The dust-up started last Sunday, when a Miami-based correspondent of the Spanish newspaper published an interview with Reich that received wide comment throughout the Americas. The reporter, Rosa Townsend, asked Reich what headed the administration's priorities for the region. Reich replied, without hesitation: "Corruption, because it is the principle obstacle to democracy and economic development."

Noting that information about corruption was forwarded to him through U.S. embassies and by the intelligence agencies, Reich admitted that in years past misconduct by foreign officials in the region seeking to enrich themselves had taken a back seat to other U.S. priorities - such as winning the Cold War.

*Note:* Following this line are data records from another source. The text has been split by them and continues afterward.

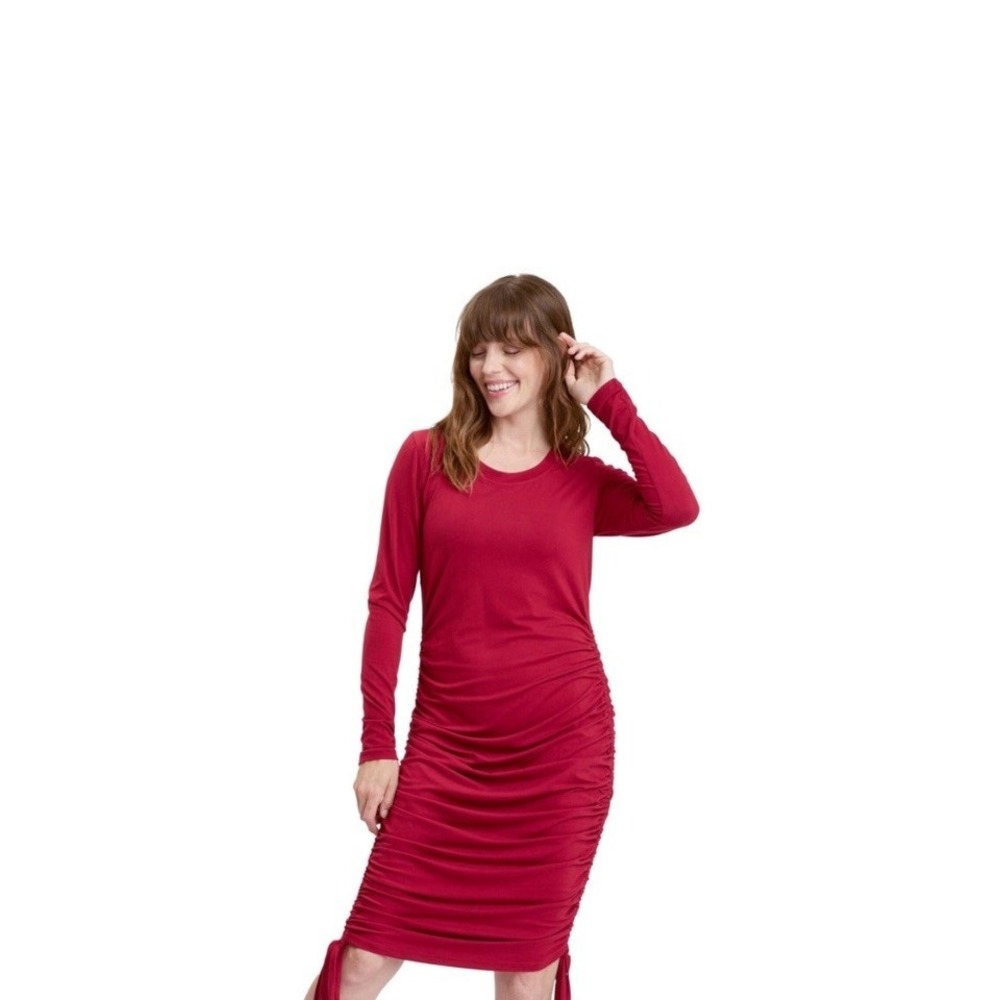 THREADS 4 THOUGHT Med Thia Luxe Jersey Ruched Midi Knit Dress LongSleeve Red NWT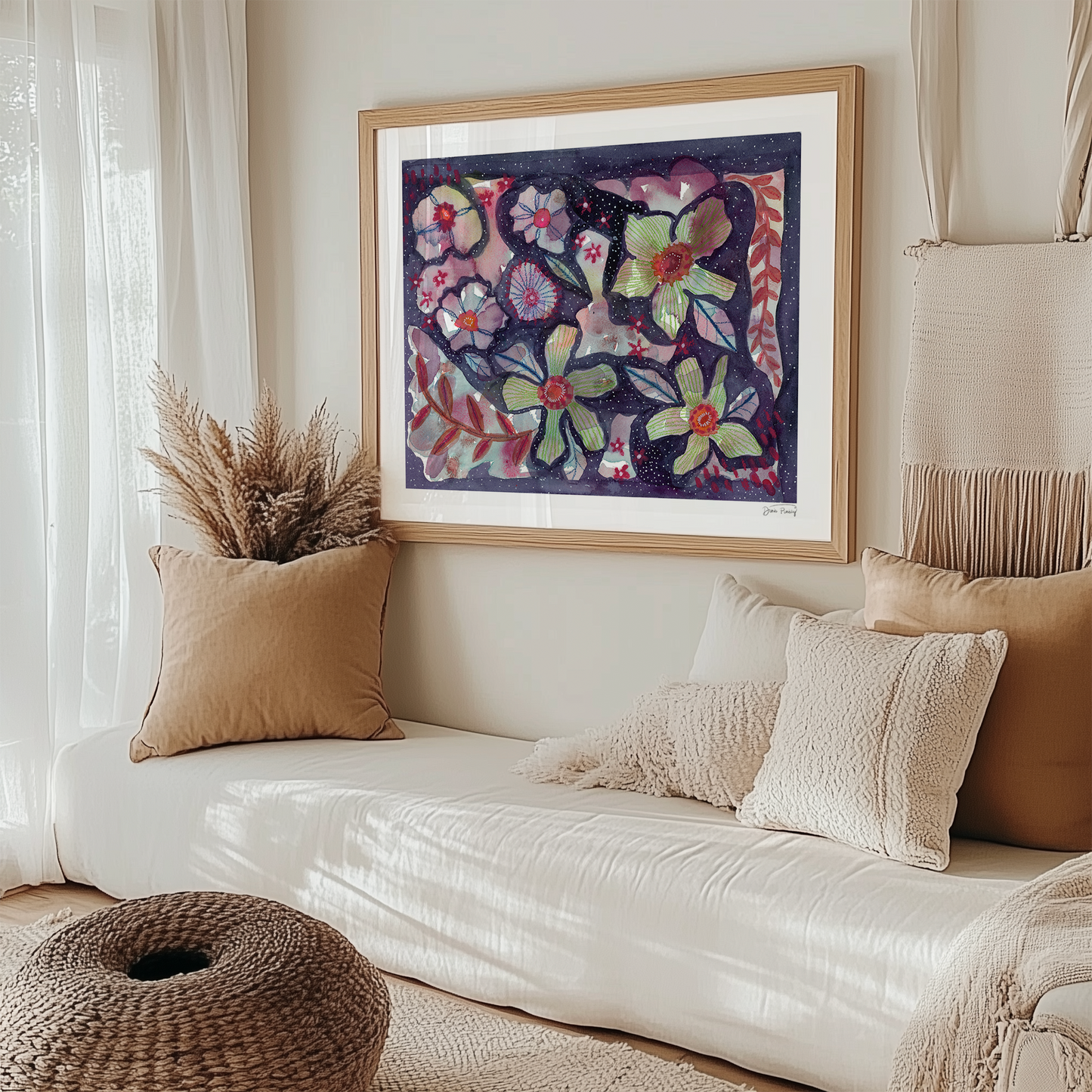 "Flowers in Purple Starlight" Abstract Floral Watercolor Art Print on Paper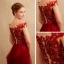 Chic / Beautiful Formal Dresses Evening Dresses  2017 Lace Beading Appliques Backless Short Sleeve Square Neckline Court Train Burgundy A-Line / Princess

Asked to list some of the region's most venal officials, Reich replied that the hemisphere "provided fertile ground for the corrupt." He singled out former Nicaraguan President Arnoldo Aleman, who, Reich said, "supposedly stole more than $100 million dollars" in one of the poorest countries in the hemisphere. Reich has won the grudging respect of some of his most severe critics by his decisive support for current Nicaraguan President Enrique Bolaños' stern anticorruption stance. By openly supporting Bolaños, observers say, the 57-year-old former ambassador has helped outflank claims - however improbable - by former Sandinista leader Daniel ("La Piñata") Ortega to the anticorruption mantle. ("Reich was really out front on this one," one veteran State Department watcher told Insight.)

The El Pais interview went on to say that Reich also listed erstwhile Argentine and Mexican heads of state Carlos Menem and Carlos Salinas de Gortari, respectively, among the list of corrupt leaders. By reportedly singling out Menem and Salinas de Gortari - ironically both favorites of former president George H.W. Bush - Reich appeared to be boldly staking out new territory, maneuvering U.S. policy in the region away from the recent murky past of unseemly alliances with corrupt authoritarians. It was a policy zestily continued during the eight post-Cold War years of the Clinton administration.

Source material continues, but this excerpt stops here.